People v. Lawson (1977), 67 Ill.2d 449, 367 N.E.2d 1244, did establish the inherent authority of a trial court to dismiss an indictment where there has been a clear showing of denial of due process. But in Lawson the court specifically found that in the three cases it was reviewing there had been no actual prejudice shown, only the possibility of prejudice. This mere possibility was deemed insufficient to establish a violation of due process which would permit dismissal of the indictments. In the case at bar there has been absolutely no showing of a denial of due process. At best there is speculation by the defendant that the State sought a continuance in order to induce the alleged victim to testify. We need not decide whether this would constitute a denial of defendant's due process rights, for there is no basis in the record for the speculation. The State indicated only that it had other witnesses, besides the alleged victim, which it intended to call and they were not available at that time. These witnesses included the doctor who examined the witness after the incident and several police officers. We have no evidentiary basis for evaluating defendant's claim that these witnesses were not eyewitnesses. Nor can we determine whether the State would have been able to prove its case without the testimony of the victim. We do note, however, that in answer to discovery the State indicated it had an oral statement from the defendant. In any event, these are matters of proof for trial. The State merely indicated that it was not ready for trial as it did not have these witnesses available at that time. The case had only been before the trial court on three prior occasions. Since defendant's arraignment on June 30, 1976, he had continued the matter twice, the State continued it once, and there was one continuance by agreement to December 2, 1976, the date of dismissal. At no time during the proceeding on that date did defendant indicate he was ready for trial. Indeed, he never indicated that he was waiving his right to a jury trial.
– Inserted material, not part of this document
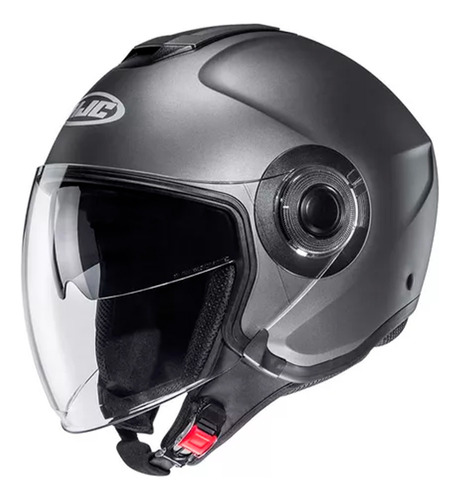 Casco Abierto Moto Hjc Semi Jet I40 Gris Mate Titanium Um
Under these circumstances I find no support for the majority's suggestion that in seeking a continuance the State was attempting to coerce the victim to testify against the defendant.
It would be well to consider the cautionary language of the Lawson court:
"Clearly, our holding must not be construed as an invitation to disregard statutory provisions on dismissal. The courts> must proceed with restraint and ascertain * * * denial of due process with only certainty. Such certainty may be ascertainable in a pretrial evidentiary hearing on a motion to dismiss." (Lawson, 67 Ill.2d 449, 457, 367 N.E.2d 1244, 1247.)
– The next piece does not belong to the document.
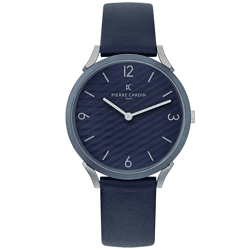 Pierre Cardin Men's Wristwatch, Analog Quartz Watch with Leather Strap, 3ATM, 40mm, CPI.2017, Dark Blue/Silver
In this cause no evidentiary hearing was held at all, nor is there any indication that the trial court based its dismissal on a finding of a violation of due process. The court apparently dismissed this action because the alleged victim was the brother-in-law of the defendant and they had agreed to a money settlement for hospital bills. But this was not a civil action between private parties. This was a criminal matter, brought by the State on behalf of the people of Illinois charging the defendant with violating the laws of the State by stabbing a man with a knife. The State was a party to this action and the public safety and welfare were involved, not just considerations of family harmony. (People v. Guido (1973), 11 Ill. App.3d 1067, 297 N.E.2d 18.) For these reasons, I believe the order of the trial court should be reversed and the cause remanded for proceedings consistent with that determination.